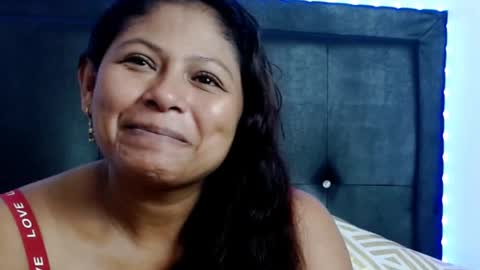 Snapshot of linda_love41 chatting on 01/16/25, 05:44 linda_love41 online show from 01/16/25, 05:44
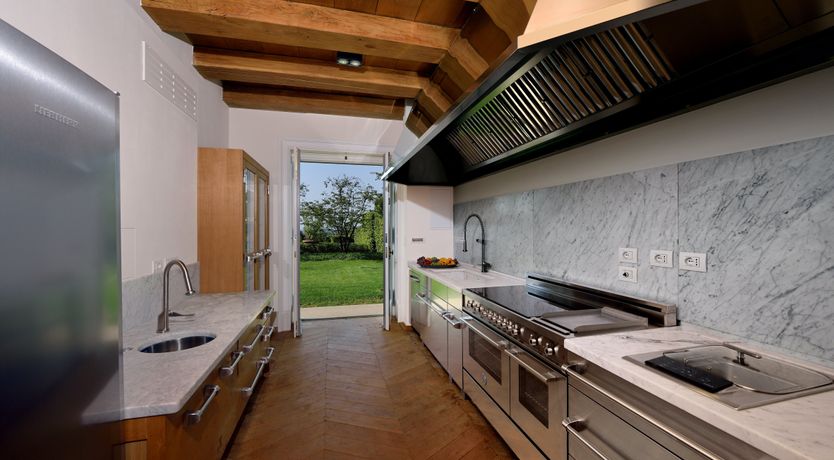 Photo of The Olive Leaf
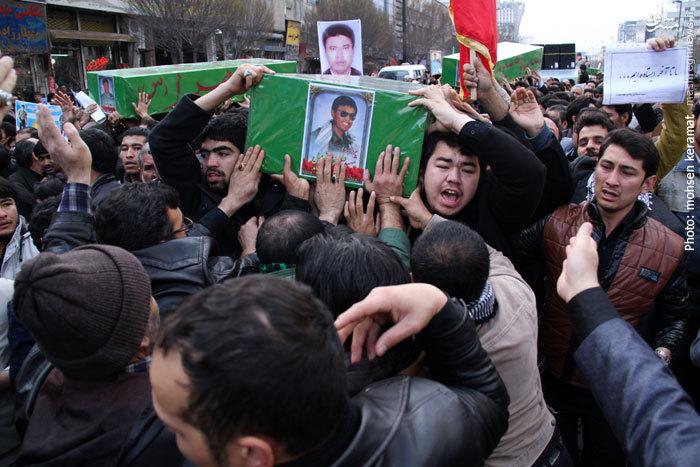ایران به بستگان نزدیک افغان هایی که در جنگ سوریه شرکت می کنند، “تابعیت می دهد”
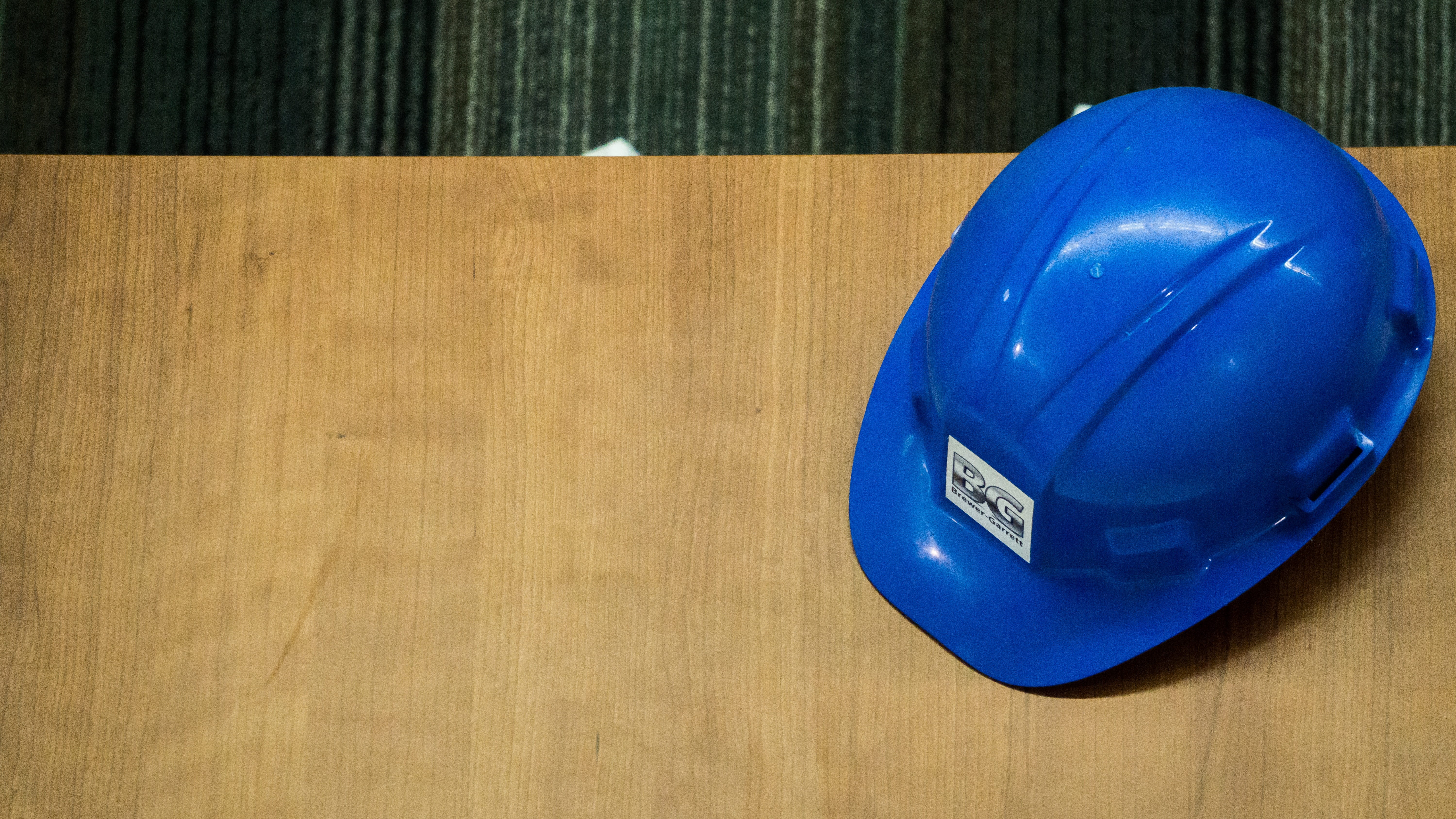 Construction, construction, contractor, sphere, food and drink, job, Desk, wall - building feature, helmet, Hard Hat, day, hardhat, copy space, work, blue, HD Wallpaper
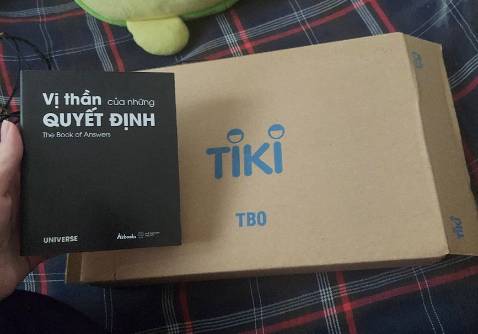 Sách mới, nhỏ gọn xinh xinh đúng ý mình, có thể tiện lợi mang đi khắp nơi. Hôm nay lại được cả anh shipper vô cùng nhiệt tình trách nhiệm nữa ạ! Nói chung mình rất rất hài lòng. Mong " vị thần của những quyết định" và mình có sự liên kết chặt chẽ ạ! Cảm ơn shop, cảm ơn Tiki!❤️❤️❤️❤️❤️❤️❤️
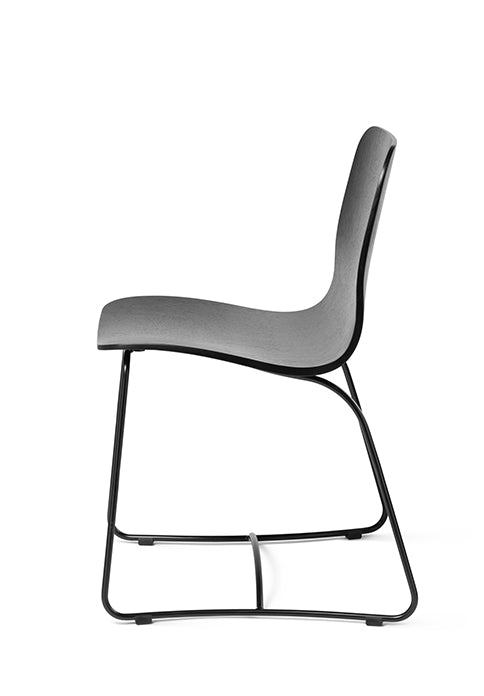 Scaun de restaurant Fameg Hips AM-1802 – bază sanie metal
---
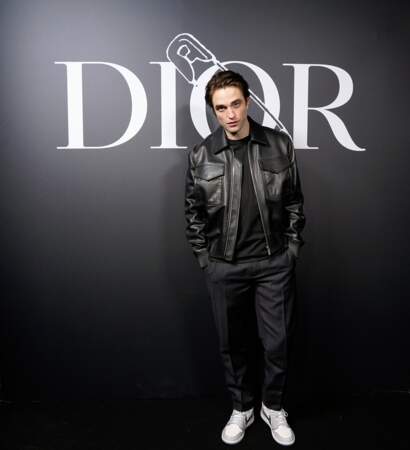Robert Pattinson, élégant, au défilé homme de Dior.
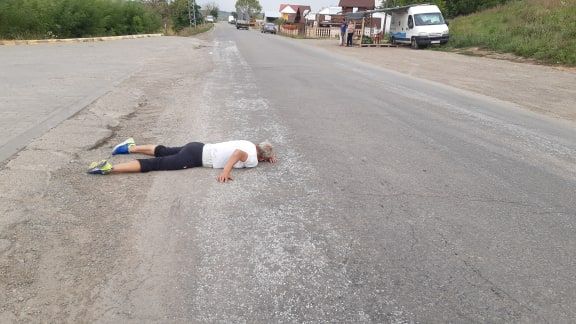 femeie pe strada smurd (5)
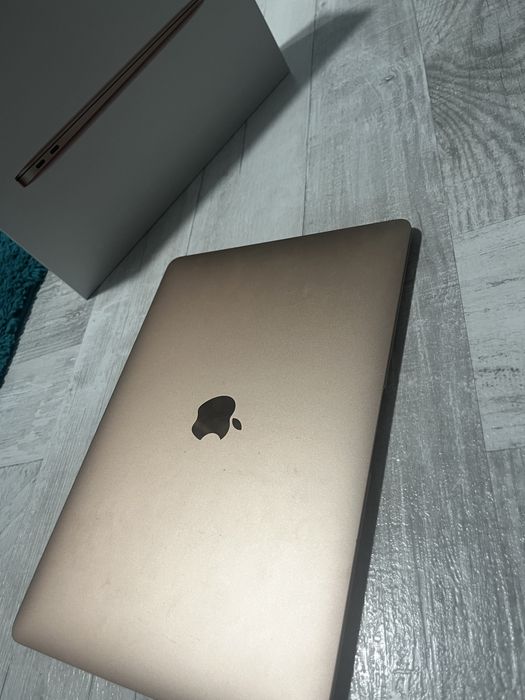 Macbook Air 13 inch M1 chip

Work to complete: Excluding any pictures, print exactly the lines of the listing above from the line with "Snapshot of linda_love41" to the line with "Scaun de restaurant", both ends included.

Response for this exercise:
 Snapshot of linda_love41 chatting on 01/16/25, 05:44 linda_love41 online show from 01/16/25, 05:44
 Photo of The Olive Leaf
ایران به بستگان نزدیک افغان هایی که در جنگ سوریه شرکت می کنند، “تابعیت می دهد”
 Construction, construction, contractor, sphere, food and drink, job, Desk, wall - building feature, helmet, Hard Hat, day, hardhat, copy space, work, blue, HD Wallpaper
 Sách mới, nhỏ gọn xinh xinh đúng ý mình, có thể tiện lợi mang đi khắp nơi. Hôm nay lại được cả anh shipper vô cùng nhiệt tình trách nhiệm nữa ạ! Nói chung mình rất rất hài lòng. Mong " vị thần của những quyết định" và mình có sự liên kết chặt chẽ ạ! Cảm ơn shop, cảm ơn Tiki!❤️❤️❤️❤️❤️❤️❤️
 Scaun de restaurant Fameg Hips AM-1802 – bază sanie metal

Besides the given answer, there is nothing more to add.